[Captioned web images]
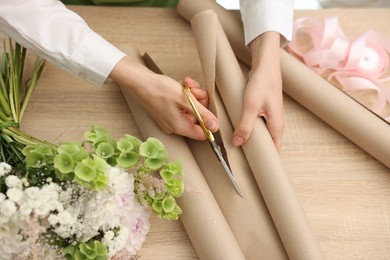 Photo of Florist making bouquet of flowers at wooden table, above view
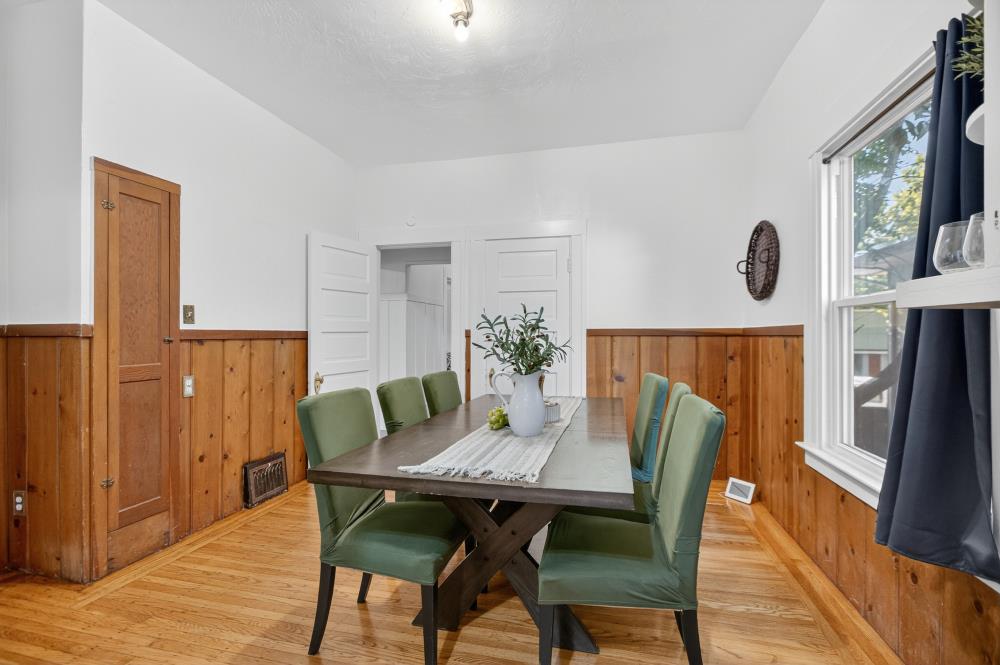 811 18th Street Sacramento, CA 95811 - Photo 14 of 71 a view of a dining room with furniture and wooden floor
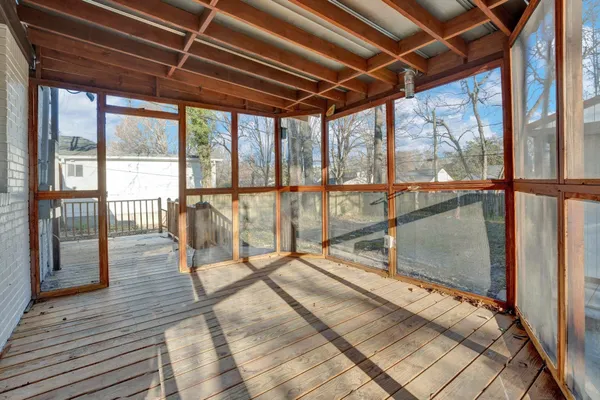 a view of a house with wooden fence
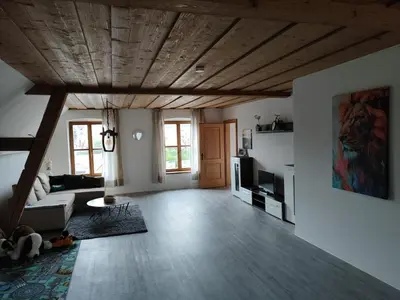 Ein Sitzbereich in der Unterkunft Ferienwohnung Bruckmühle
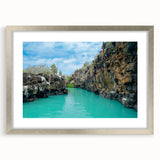 Textured art print of an abstract Galapagos landscape in muted earth tones, framed in silver, ideal for bedroom decor.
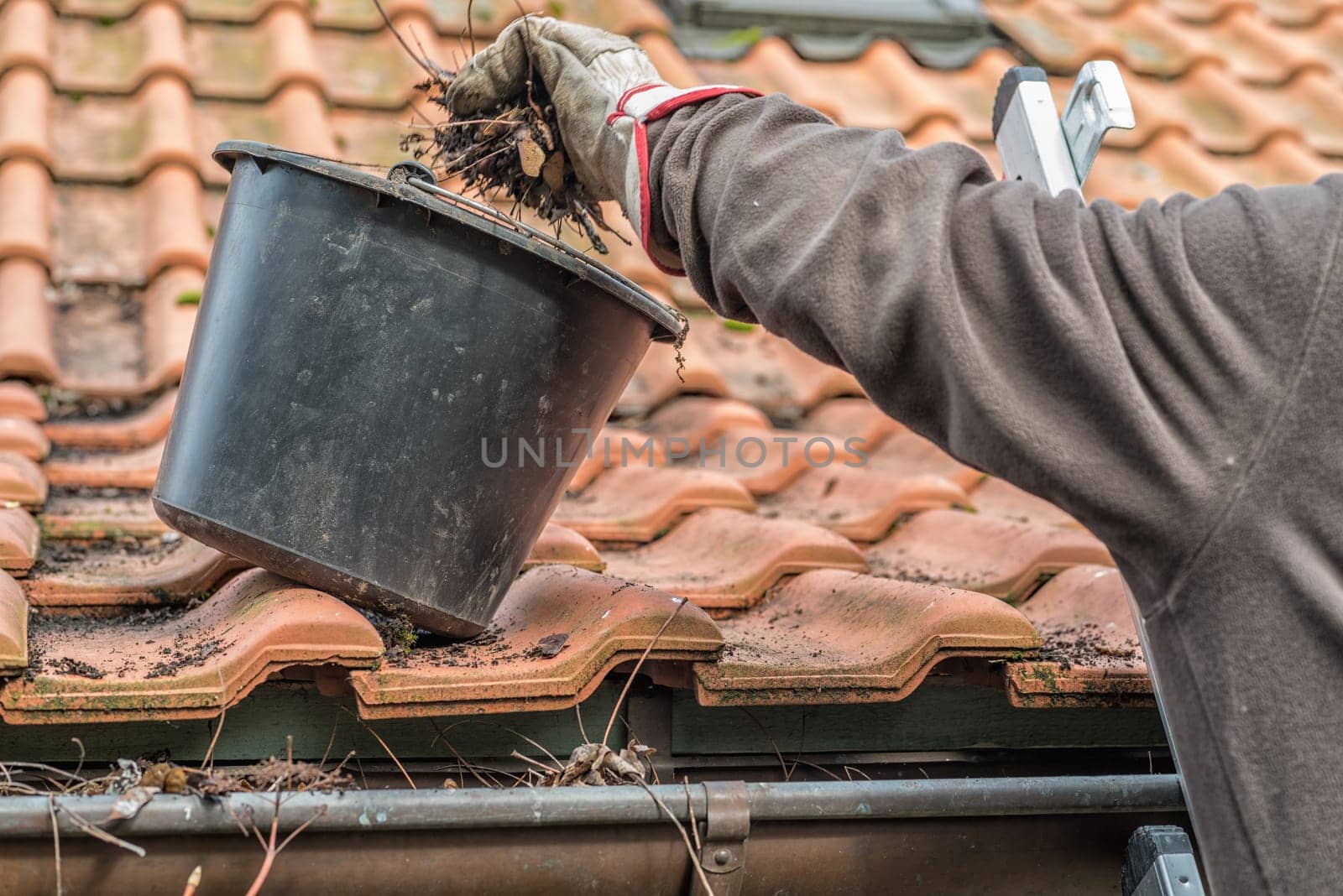 Man on a ladder cleaning house gutters
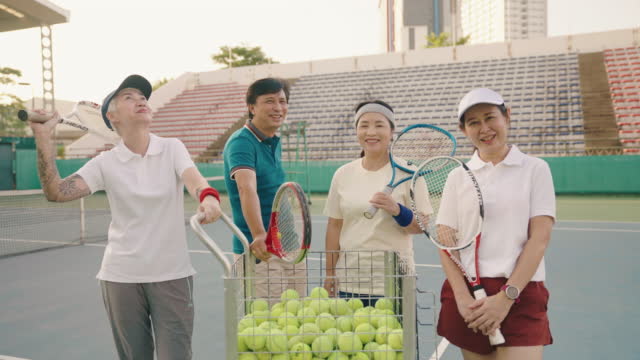 Portrait of seniors tennis game on tennis court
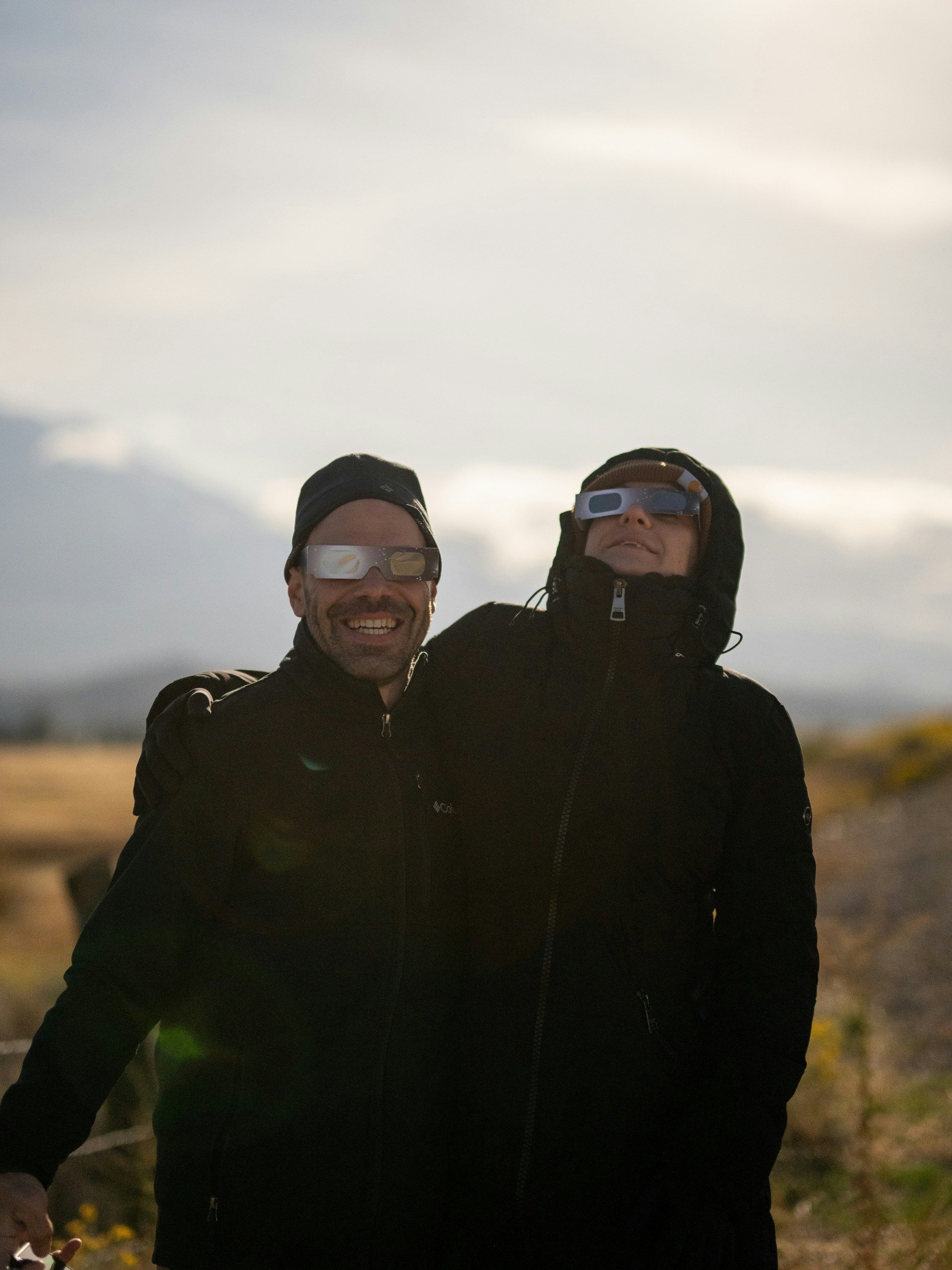 Two people wearing protective glasses, smiling while observing a solar eclipse, dressed in dark jackets outdoors under dim lighting.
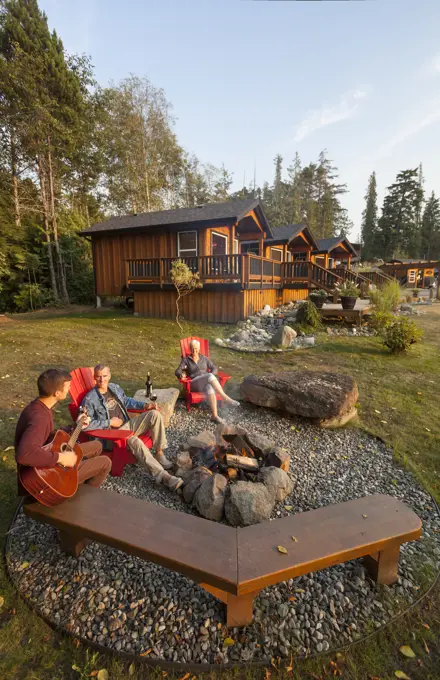 Friends gather around a fire while staying at the Ecoscape Cabins facility located in Port Hardy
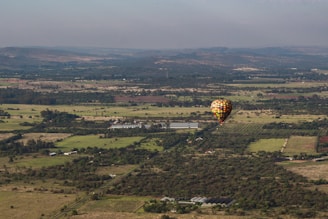 A hot air balloon floats above an expansive rural landscape. The balloon is colorful, standing out against fields and patches of trees. Distant hills and a vast sky are visible in the background, creating a feeling of openness and tranquility.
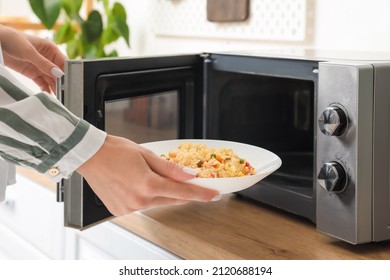 Mujer poniendo el plato de arroz con verduras en el horno microondas en la cocina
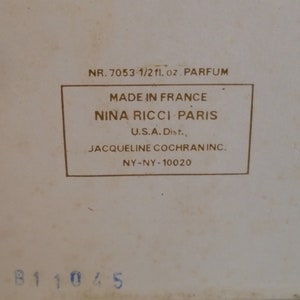 May include: A vintage perfume box with text that reads "NR. 7053 1/2 fl. oz. PARFUM" and "MADE IN FRANCE NINA RICCI PARIS." The box is off-white with a rectangular label in a darker shade. The bottom has the number "B11045."
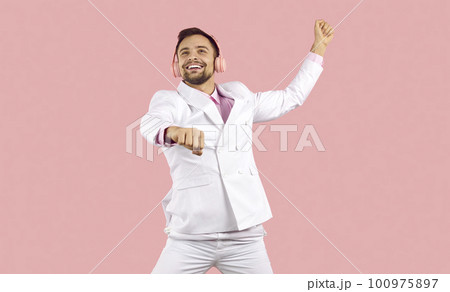 Positive excited handsome guy in white suit and headphones having fun on pink background. Positive excited handsome guy in white suit and headphones having fun on pink background. 100975897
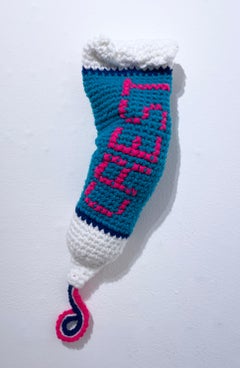 Toothpaste (2022) by Lace In The Moon, pop art textile crochet wall sculpture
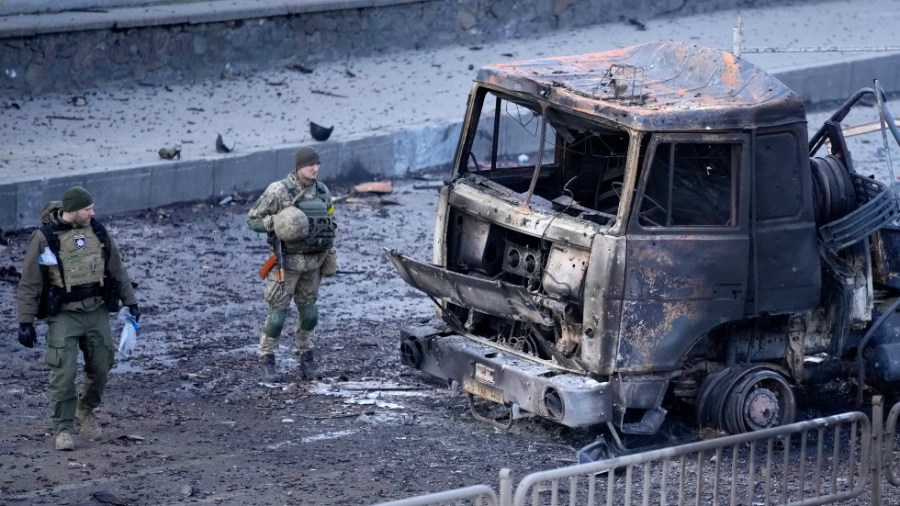 Ukrainian troops inspect the site following a Russian airstrike in Kyiv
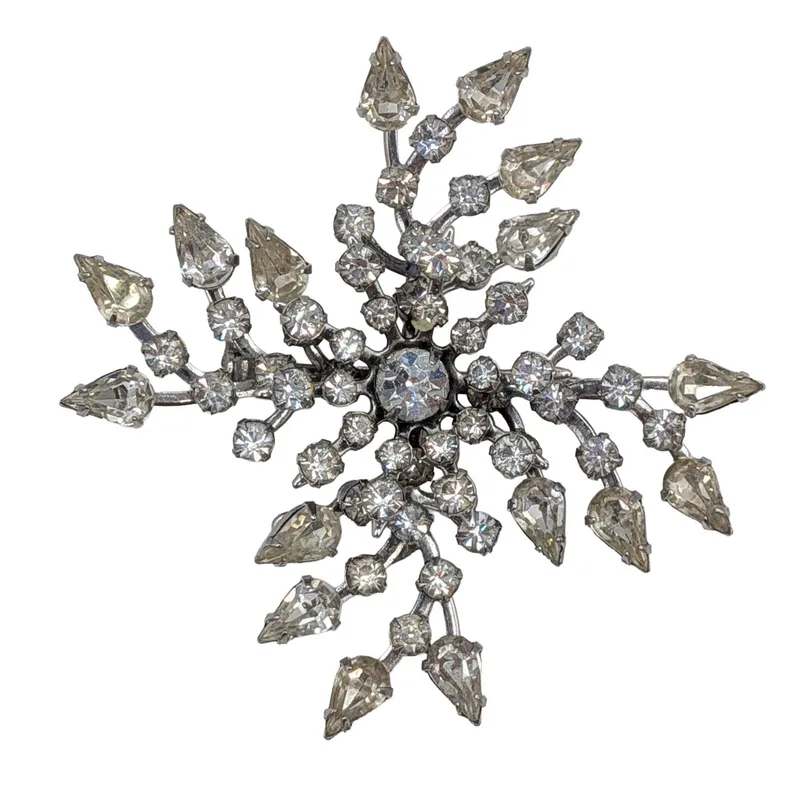 Kramer Silver Tone Rhinestone Starburst Brooch from auction in Ravenna, Ohio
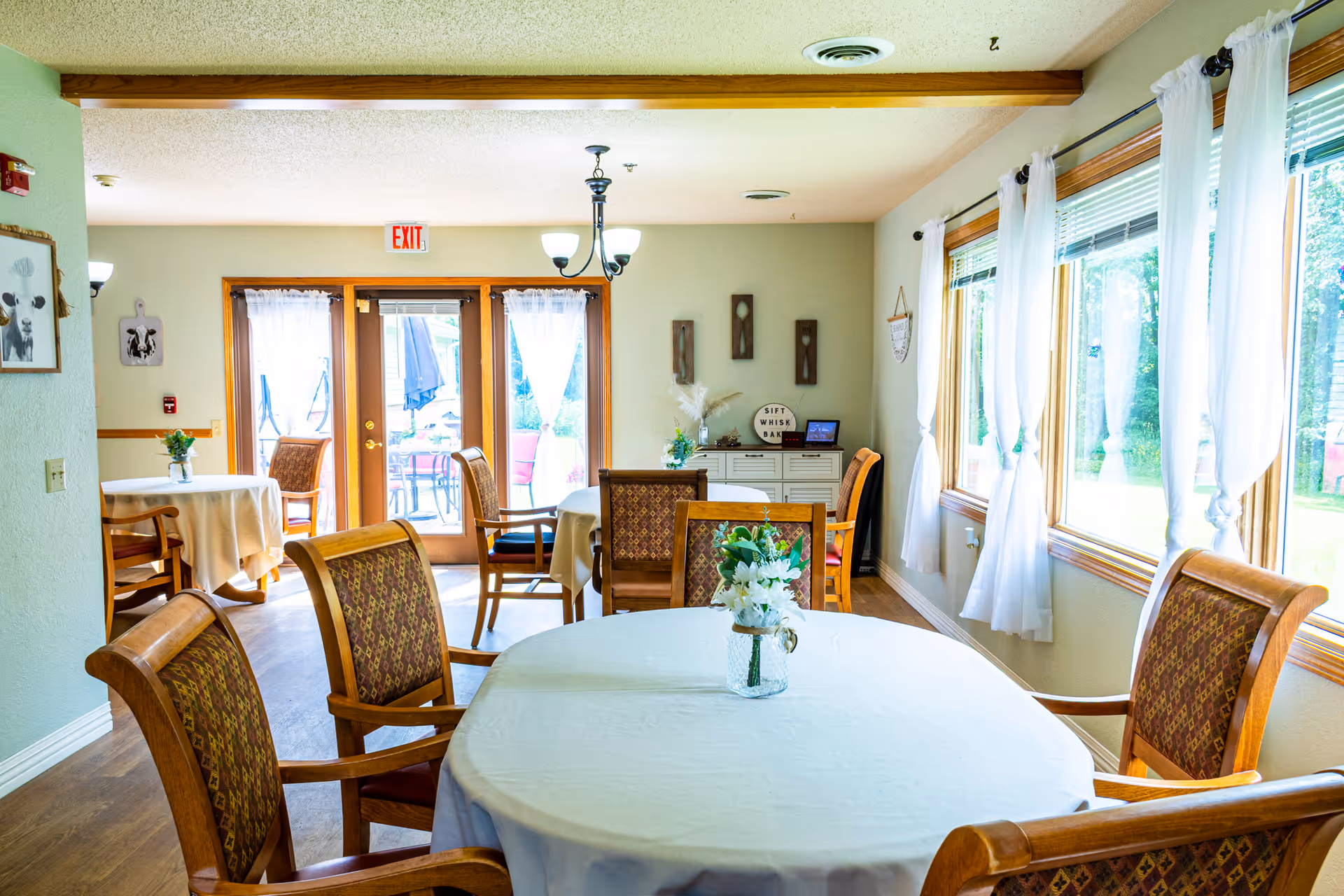 A bright dining room in a senior living facility with round tables covered in white tablecloths, wooden chairs with patterned cushions, and a vase with white flowers on the nearest table. Large windows with white curtains allow natural light to fill the room, and glass doors lead to an outdoor patio area with seating. The walls are light-colored with simple decorations, and a chandelier hangs from the ceiling.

TASK GOAL — Print the data above exactly, from its first line to the line bearing "a view of a house with wooden fence" inclusive, and keep pictures out of the result.

EXERCISE SOLUTION —
 Photo of Florist making bouquet of flowers at wooden table, above view
 811 18th Street Sacramento, CA 95811 - Photo 14 of 71 a view of a dining room with furniture and wooden floor
 a view of a house with wooden fence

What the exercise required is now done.